Of course, there are other types of objects that have been given value, like shells, which are beautiful and hard to counterfeit; And ancient Chinese dao coins, special coins made of copper and so on.

I’ve also seen an amazing currency. On an island in the South Pacific, locals use a giant stone disc as currency (pictured below). The reason for this “megalithic currency” is simple: rocks of this size are not found on the island. If you want to buy someone else’s land, just push the big stone coin to their door and put it there. The land is yours.

Picture │ boulder coins used as currency on the island

There was a British anthropologist who worked on this particular island around 1963, and stones of this size were rarely found on this island, so they had to be excavated and brought back from other islands. Occasionally, the stone coins would fall off the boat and fall into the sea, where they would be difficult to retrieve.

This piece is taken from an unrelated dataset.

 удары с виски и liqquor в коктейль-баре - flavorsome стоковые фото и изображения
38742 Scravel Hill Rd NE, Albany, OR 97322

Which begs the question, who does the stone coin fall into the sea belong to? The original owner must have taken pains to dig and carry it. The island is a kind people who trust each other. So a deal would be made whereby the owner would be given ownership of all the coins on hand, plus the one lying on the seafloor.

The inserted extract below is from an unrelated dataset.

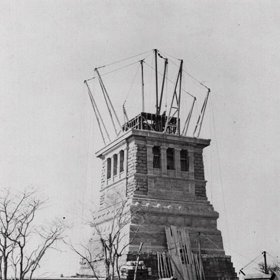 Projekt stavby sochy byl veřejně představen v roce 1875 a během toho, jak se sbíraly peníze na její výstavbu, Bartholdi už dlouho pracoval na ideálním designu.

In case it’s nonsense, there’s a picture of a stone coin sinking into the sea (laughter).

Photo │ Boulder coins sunk in the sea

Notice, everyone, that on the basis that everyone recognizes the value of these stone coins, they transferred the ownership of the invisible coin at the bottom of the sea. This is the key to getting the deal done. In fact, this is what blockchain technology is based on.

If I had to define blockchain technology, I think it would be something like this:

A blockchain is an additionable ledger that encodes valid transactions within a system and meets the following conditions:


  • Each transaction must be valid;

  • The system must agree on the ownership of digital assets;

  • History cannot be tampered with, which is the source of blockchain value;



However, this is where the problem often comes in. The above three points have all failed in previous practice. In order to illustrate the major hidden dangers of blockchain, I will focus on these three points one and one.

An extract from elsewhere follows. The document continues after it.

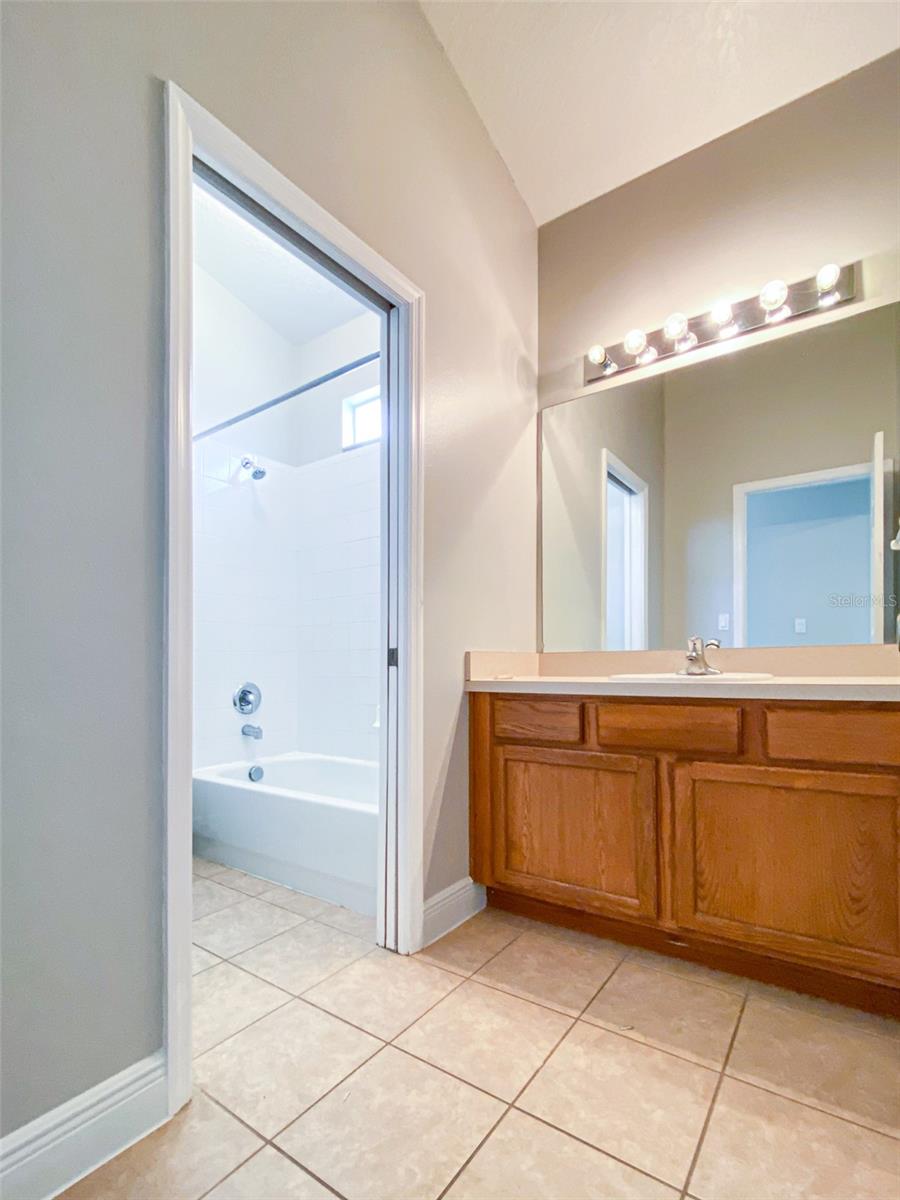 Image 15 of 32 For 3018 Lakewood Pointe Drive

1. Each transaction must be valid;


Under this condition, all transactions must comply with agreed rules. What are those rules? In computer science, rule descriptions can be defined by external technical documentation. But for blockchain and its applications, this definition simply doesn’t apply.

You’ve probably heard of the term “Code is Law,” though Lawrence Lessig coined it in an entirely different context. But the phrase explains some of the applications of blockchain: once code is written and executed, for example, it can never be taken back.

But today I want to say that code is not rules, rules are rules, and code is full of bugs!

By today’s industry standards, one bug is allowed for every 100 lines of code, and bitcoin clients have about 30,000 lines of code. Fortunately, we haven’t found any fatal bugs yet.

, however, the first generation of block chain technology developers is to avoid the technical specifications document, the reason, of course, there are many, such as code and specification inconsistencies can lead to problems, lack of effective method to mediate differences, as well as the most important point: open source technology developers think specification will kill their creativity.

In August 2010, a hacker took advantage of a loophole in integer overflow to create 184 billion bitcoins out of thin air, even though the system was originally designed with a quota of 21 million. Eventually, the bitcoin development community, with the help of the miners, rewrote the code to plug the bug.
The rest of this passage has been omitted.